30 November 2011

How is Your Husband Like a Bikini?

People shop for a bathing suit with more care than they do a husband or wife. The rules are the same. Look for something you'll feel comfortable wearing. Allow for room to grow.
~Erma Bombeck


Day Thirty: For the last twenty-nine days my husband has asked about, implied that, mentioned, noted, etc. that his poor little name was not posted somewhere on this blog. Little comments like, "Could be thankful for your husband!" have permeated my days. Part of me has wanted to dig in my heels, stick out my tongue, and tell him to go screw- if you have to ask for it, you probably don't deserve it! However, despite my aggravation, irritation, and frustration with him, he deserves some notice...even if only a paragraph or so.
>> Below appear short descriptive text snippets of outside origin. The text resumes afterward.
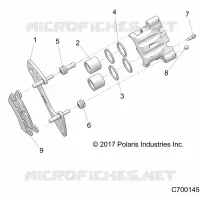 BRAKES, PINZA POSTERIORE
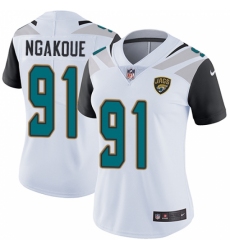 Women's Nike Jacksonville Jaguars #91 Yannick Ngakoue White Vapor Untouchable Limited Player NFL Jersey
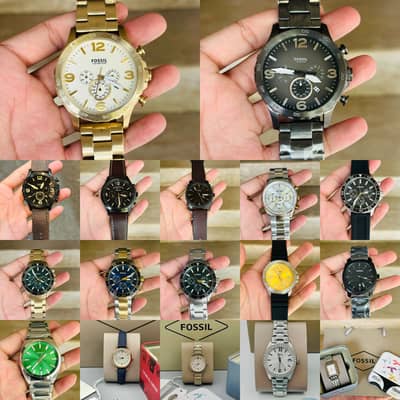 Fossil Original Lot Watches Stock Available With Box Different Prices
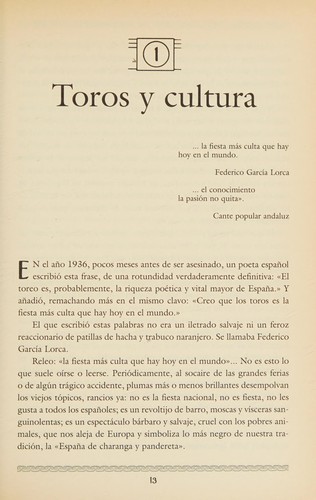 Toros, cultura y lenguaje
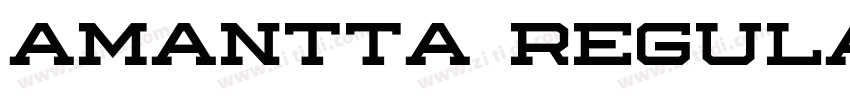 Amantta Regular字体转换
I have a theory that marriage doesn't have to be perfect or even gloriously happy; it has to be a state where for at least four days out of every seven, you're good with it. If it goes the other way, say you're only good two or three days, then there's a problem. But really, anyone who says their marriage is perfect is either lying, drunk, or missing their frontal lobe (or any combination thereof). With that said, after 12 1/2 years of marriage and 16+ total years of partnership, Aaron is still ok four days out of every seven. Some weeks are better than others, but, overall, I am grateful to have him in my life...especially now that the last decade-plus worth of his training is finally paying off! He has given me a beautiful home, four incredible children, plenty of ammunition with which to make fun of him, a couple great pairs of earrings, an awesome wool coat, and, most of all, someone with whom I know that, for better or worse, I can share my world and everything in it for as long as I can see in the future. That has to be worth at least 30 days of thanks in and of itself.